* _The problem_
Word for word, print each line of the listing below; pictures stay out.

(Records supplied Opens)

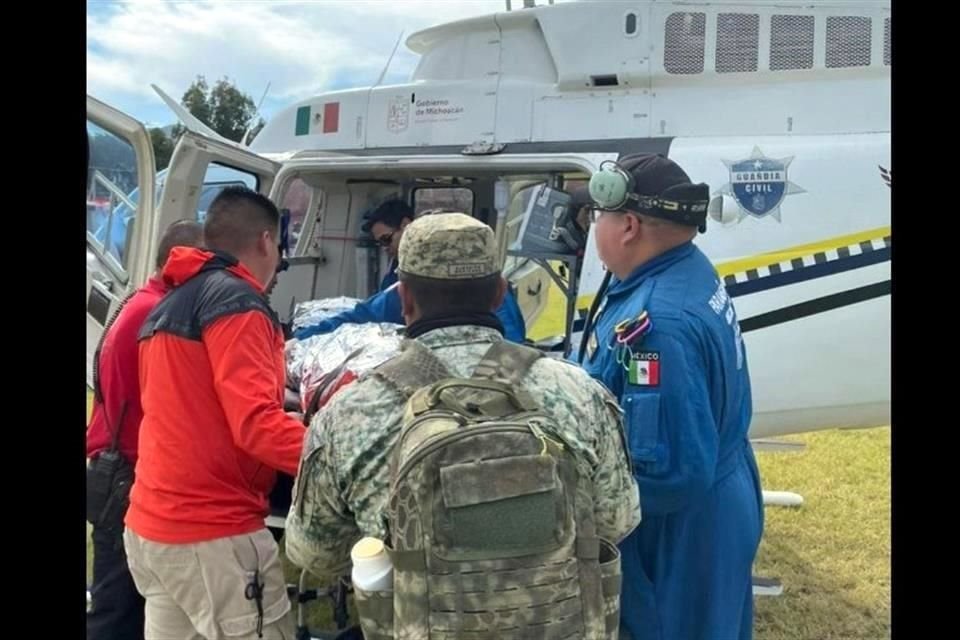 La SSP dispuso helicópteros para trasladar a los elementos del Ejército heridos por explosivos de un grupo criminal en Michoacán.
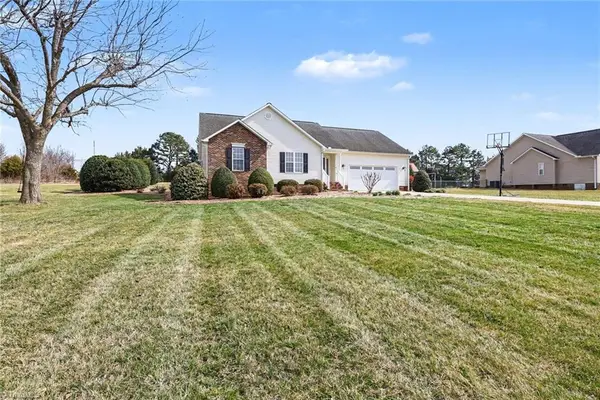 251 Carriage Trace Lane, Lexington, NC 27295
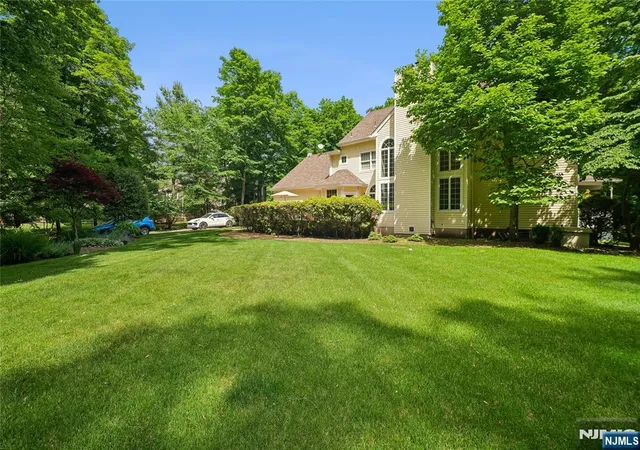 Photo 3 of Single family home for sale at 519 E Saddle River Rd, Upper Saddle River, NJ 07458 | MLS# 26020888 | Listing updated on 2026-09-13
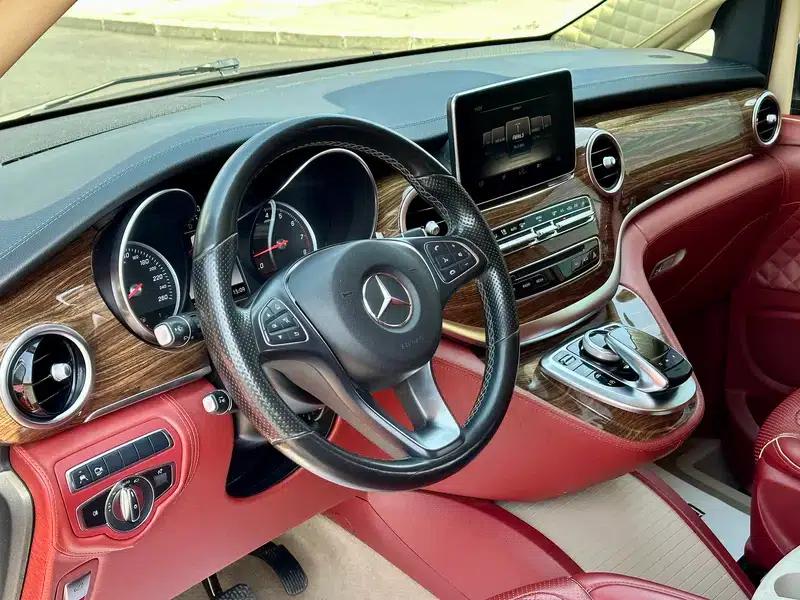 Mercedes-Benz V-Class 2018 V 260 L Premium Extended Edition (China V Emission Standard) — миниатюра 10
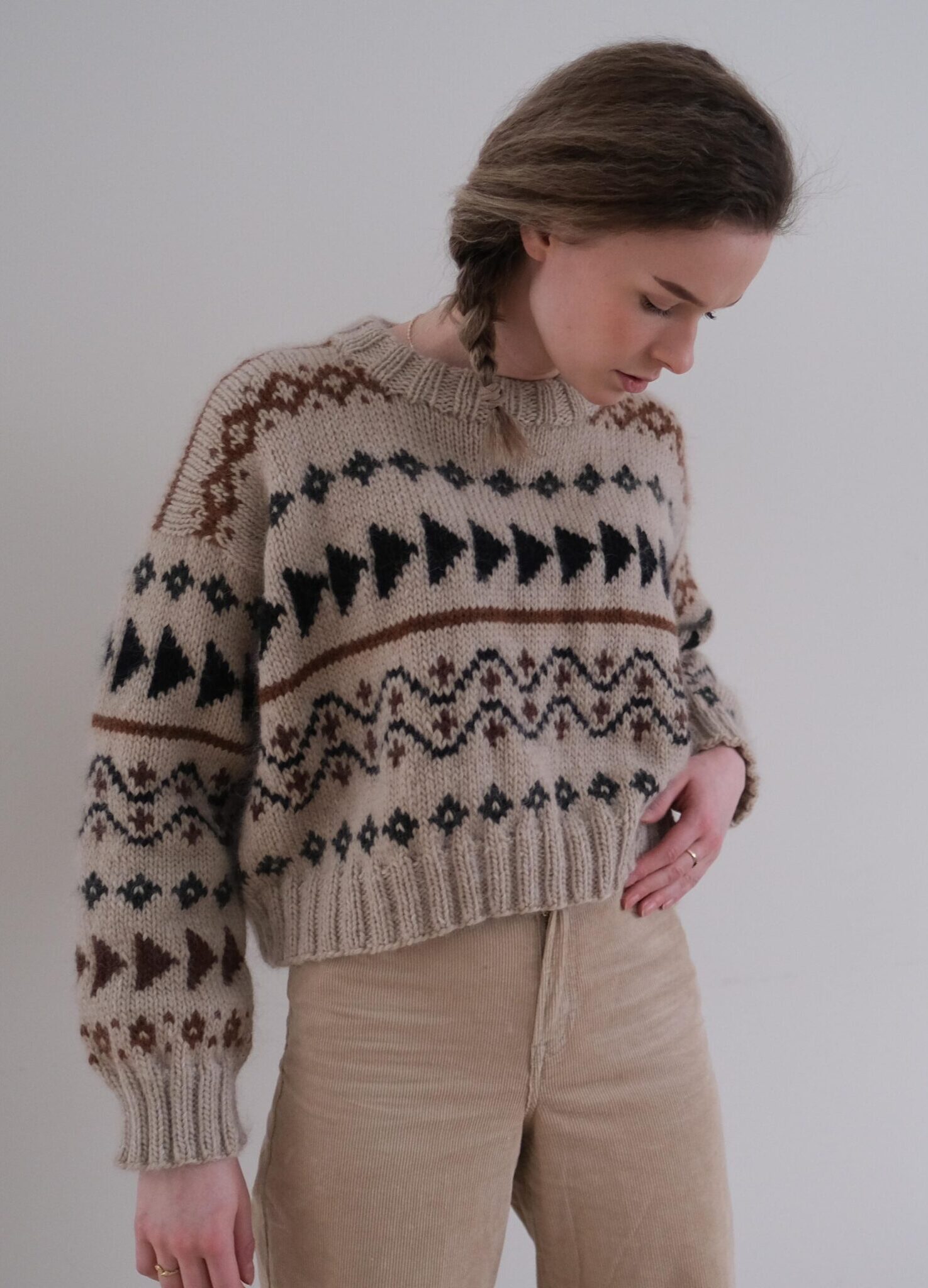 182657-Rewind-Sweater-Brown-Kit-1 - HipKnitShop strikkeoppskrift turgenser dame fargerik strikkegensee mønster 80talls
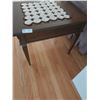 Image 3 : Kroehler Side Table with Drawer 20 Wide x 26 Deep x 22 1/2 High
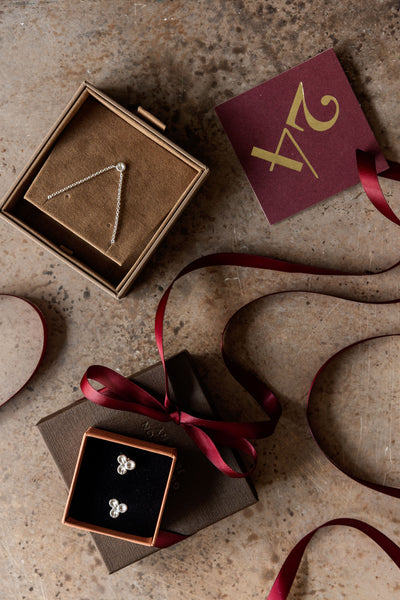 Weihnachtsset – Ohrstecker mit Koralle „Brissund“ + kleine Koralle-Halskette mit Koralle – Silber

(Records supplied Closes)

* _Answer for this exercise_
 La SSP dispuso helicópteros para trasladar a los elementos del Ejército heridos por explosivos de un grupo criminal en Michoacán.
 251 Carriage Trace Lane, Lexington, NC 27295
 Photo 3 of Single family home for sale at 519 E Saddle River Rd, Upper Saddle River, NJ 07458 | MLS# 26020888 | Listing updated on 2026-09-13
 Mercedes-Benz V-Class 2018 V 260 L Premium Extended Edition (China V Emission Standard) — миниатюра 10
 182657-Rewind-Sweater-Brown-Kit-1 - HipKnitShop strikkeoppskrift turgenser dame fargerik strikkegensee mønster 80talls
 Image 3 : Kroehler Side Table with Drawer 20 Wide x 26 Deep x 22 1/2 High
 Weihnachtsset – Ohrstecker mit Koralle „Brissund“ + kleine Koralle-Halskette mit Koralle – Silber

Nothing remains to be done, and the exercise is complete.